Gyms designed for fiftysomethings have specialized equipment as well. Weight-and-pulley machines are not ideal for boomers, says Nifty After Fifty founder Dr. Sheldon Zinberg, because they can put too much stress on joints. Instead, both Nifty and Curves use pneumatic resistance equipment, which does not rely on weight stacks. The gyms also have fewer treadmills and more step machines and elliptical trainers, to further reduce the risks of injury.
These clubs also provide a resource many other gyms have been slow to embrace – personal trainers specially trained to work with older clients. Trainers have traditionally been taught how to keep people motivated and help them reach specific goals, like losing 10 pounds in three months, or getting in shape for a road race. But fiftysomethings demand more specialized workouts. “You have specific health needs or limitations, or have to deal with chronic conditions that require more expert guidance,” Milner says. “Physical trainers are now getting more training to work with boomers and their individual needs.”
You can expect trainers at fiftysomething-focused gyms to work with you to design personalized workouts, starting with a thorough assessment of your baseline fitness level. Nifty After Fifty, for example, employs computerized analysis of strength and balance test results along with measurements of lean muscle mass and body fat. The data, along with information about any challenges like knee or back pain, are used to customize a workout. At Nifty and Curves, trainers roam the workout floor at all times to offer assistance and advice.

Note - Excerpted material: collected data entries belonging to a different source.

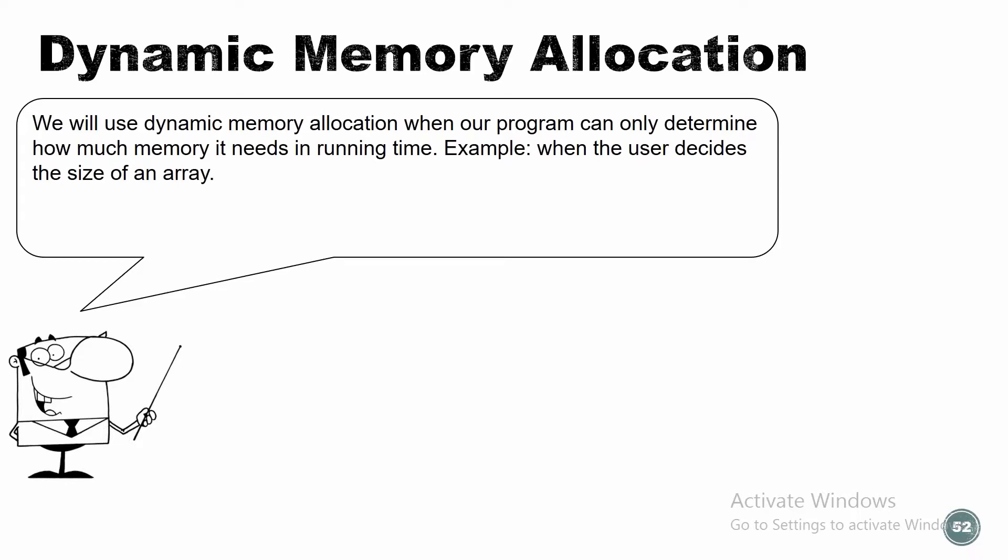What is dynamic memory allocation? So dynamic memory allocation. We will use dynamic memory allocation when our program can only determine how much memory it needs in running time. So let's have an example. When the user decides the size of an array.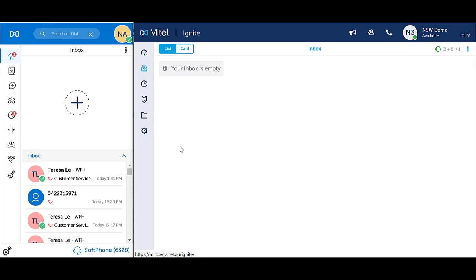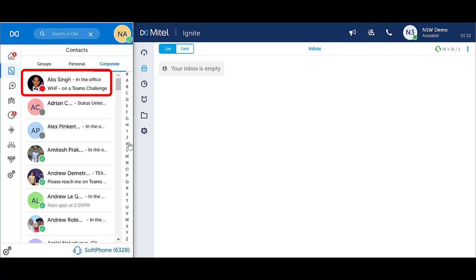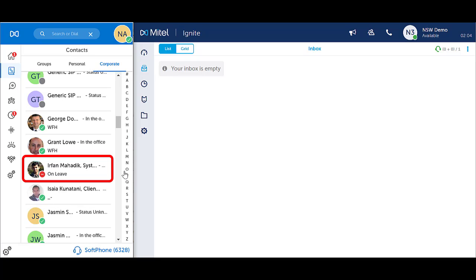The MyCollab client will give you presence of other internal users. Green means the user is available. Red means the user is busy, either on a phone call or in a meeting if the calendar integration is enabled. Do Not Disturb is also indicated.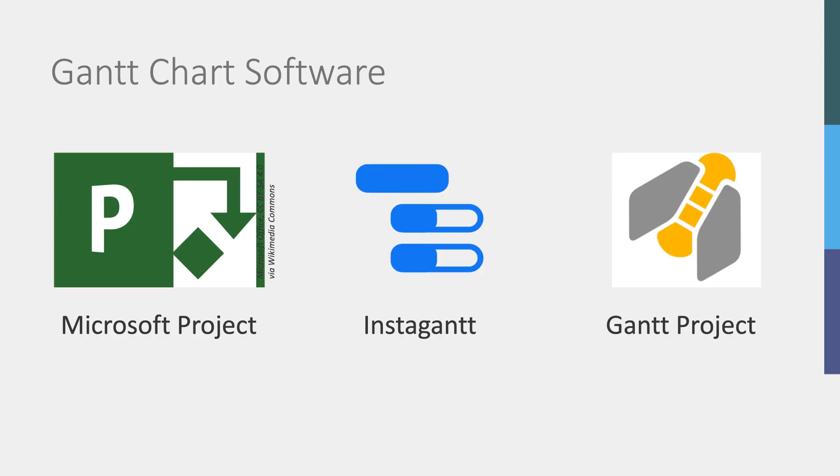You can create Gantt charts in a very simplified form in Microsoft Excel, but most people use professional project management software these days, such as Microsoft Project, InstaGantt, TeamGantt, or Gantt Project.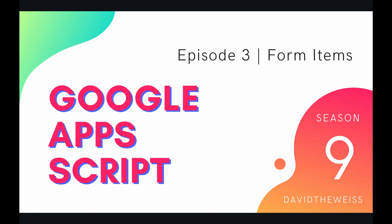What's going on coders and welcome to episode 3 of our form service playlist on the Google Apps Script course. In this video we're going to be looking at the actual form items.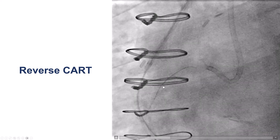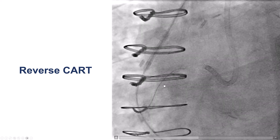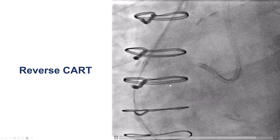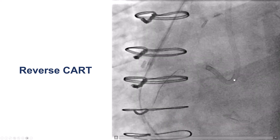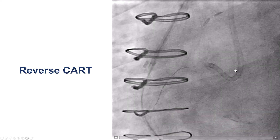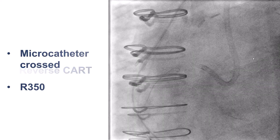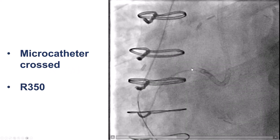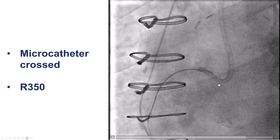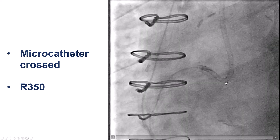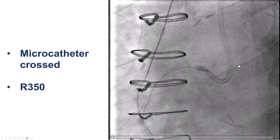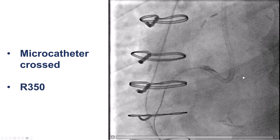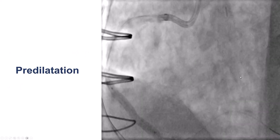We performed reverse CART again. This time we did not need the guide extension — the retrograde wire was advanced easily into the antegrade guide catheter, and we were able to advance the retrograde microcatheter into the antegrade guide catheter and externalize an R350 wire.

The cost of personal training sessions can range widely, but averages about $50 per hour nationwide, according to the National Strength and Conditioning Association. Personal training sessions are almost always cheaper per hour when you buy them in bunches, and some clubs may have membership levels that include some training sessions, which tends to be more affordable than ordering sessions a la carte.
New Options for Older Athletes
For fitness seekers 65 or older, the SilverSneakers lineup of HMO-supported wellness classes are available at more than 9,000 fitness centers nationwide. The programs are generally free for people who belong to a sponsoring HMO. They typically include strength and range of motion classes; circuit workouts combining cardio and upper-body work; low-impact cardio workouts; yoga and stretch groups; and water aerobics. “Gyms embrace SilverSneakers because it does all the marketing and promotion,” Milner says. The downside, for people who work fulltime, is that the classes tend to be scheduled in the early afternoon during gym downtimes. SilverSneaker classes may also not be intense enough for some.
Before she joined the Jewish Community Center gym in Foster City, Calif., in 2011, Corie Kotansky, 67, had never belonged to a fitness center. She was seeking workouts with more vigor than the yoga classes she had been attending. She signed up for a Zumba “Gold” class — a dialed down version of Zumba — and caught on so well that she soon moved up to a regular Zumba group. “Once I got the steps down, I wanted to push myself to a different level,” she says. “I realized I wasn’t out of place, either. You may be intimidated by young people with young bodies at first, but you soon realize that people are focused only on themselves and not you.”
Now, Kotansky says, “Some days I think I live at the gym.”